SuperGemma4 26B abliterated weights land in GGUF for local inference
A new quantized variant of Gemma4 26B with safety guardrails removed landed on HuggingFace this week, targeting local inference on Apple Silicon and llama.cpp runtimes.
Practitioners running uncensored language models on consumer hardware now have another option: SuperGemma4 26B, an abliterated variant of Google's Gemma4 architecture, just appeared on HuggingFace in GGUF format on May 12.
The model card lists tags for llama.cpp compatibility, Apple Silicon optimization, and Korean language support. GGUF quantization means the 26-billion-parameter weights can run locally without enterprise GPU clusters—a common setup for practitioners who want unrestricted output without API rate limits or content filters.
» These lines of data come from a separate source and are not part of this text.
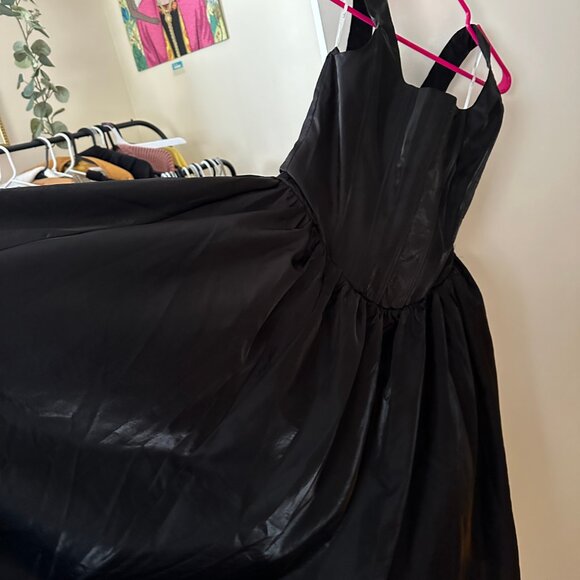 Shiny Taffeta Lace-Up Midi Dress LULUS XL NWT - Picture 2 of 6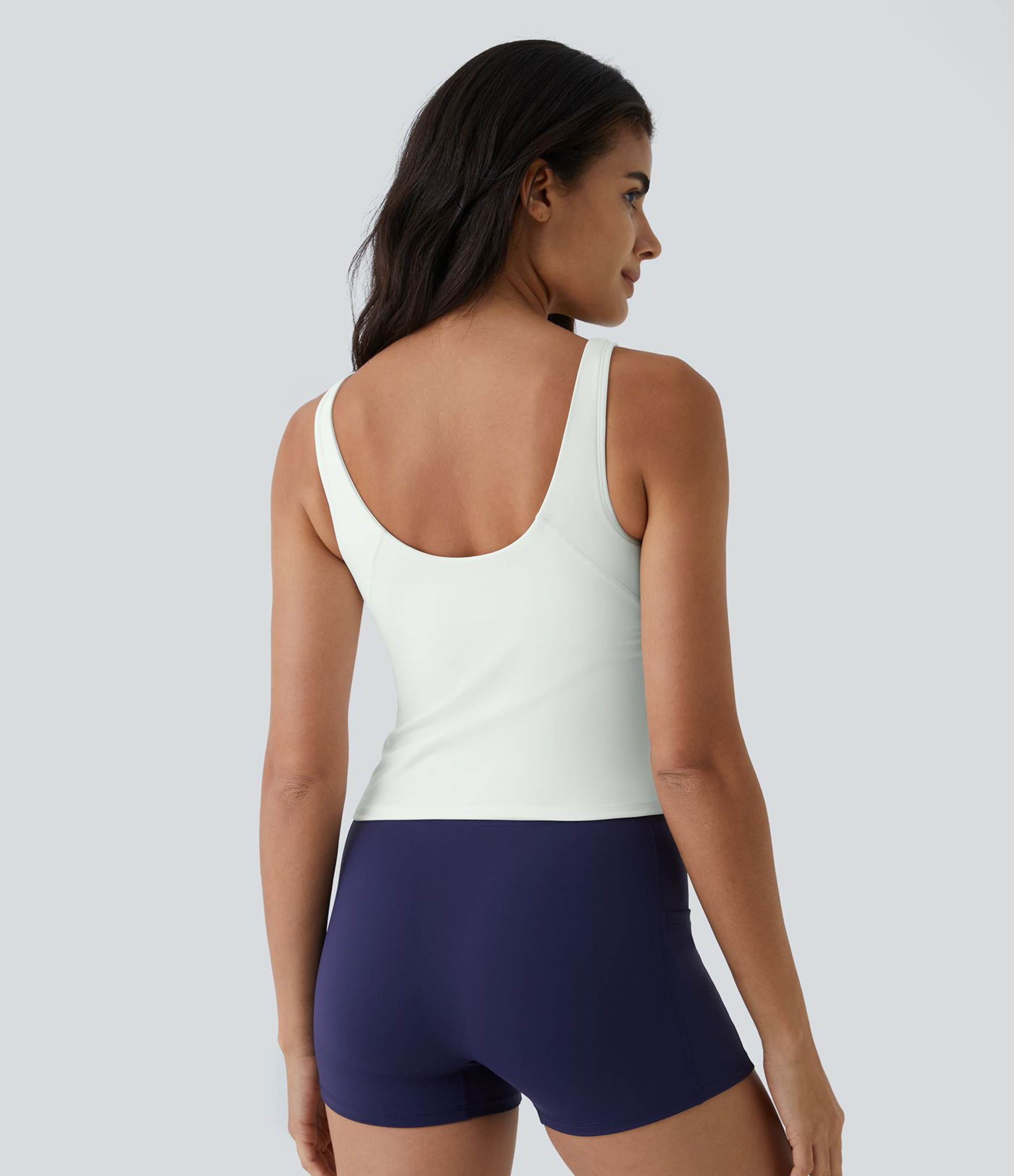 White SoftlyZero™ Plush Padded V Neck Plain Tank Top / 2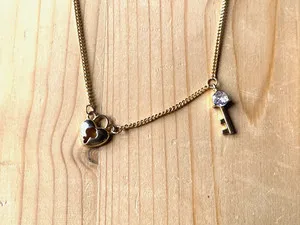 Authentic 925 SILVER Necklace Collier Gold Plated Key Lock Symbol Love Couple Loyalty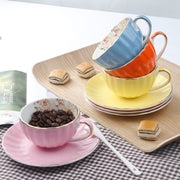 bone china pumpkin coffee cup and saucer, view 3 - MRSLM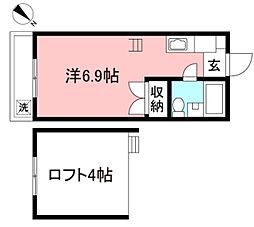 リバーコート稲城 ワンルームの間取図画像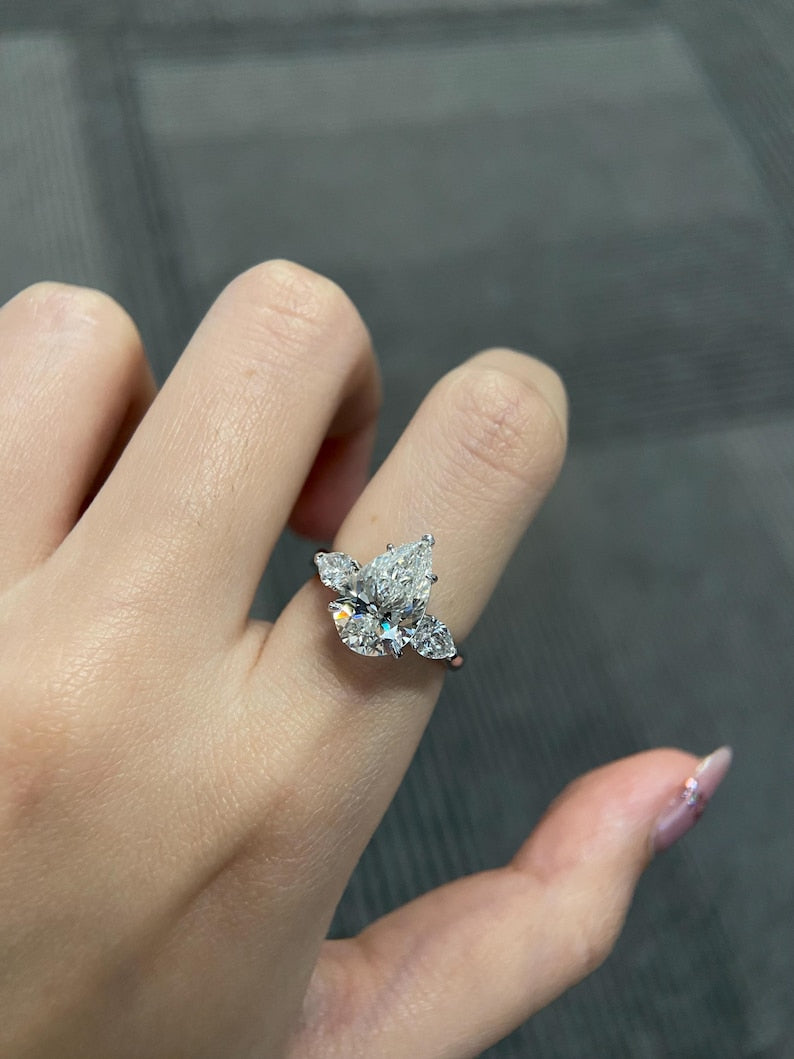 Marquise Shaped Three Stone Lab Grown Diamond Engagement Ring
Gemma4 is Google's latest iteration of the Gemma family, released earlier this year as open weights under a permissive license. Abliterated variants strip the safety tuning that blocks certain prompts in the base release. The "v2" suffix in the repo name suggests this is a revised quantization or merge, though the model card itself doesn't detail what changed from a hypothetical v1. For users already running llama.cpp or Ollama on M-series Macs, adding another 26B option to the rotation is a matter of pulling the GGUF file and pointing the runtime at it.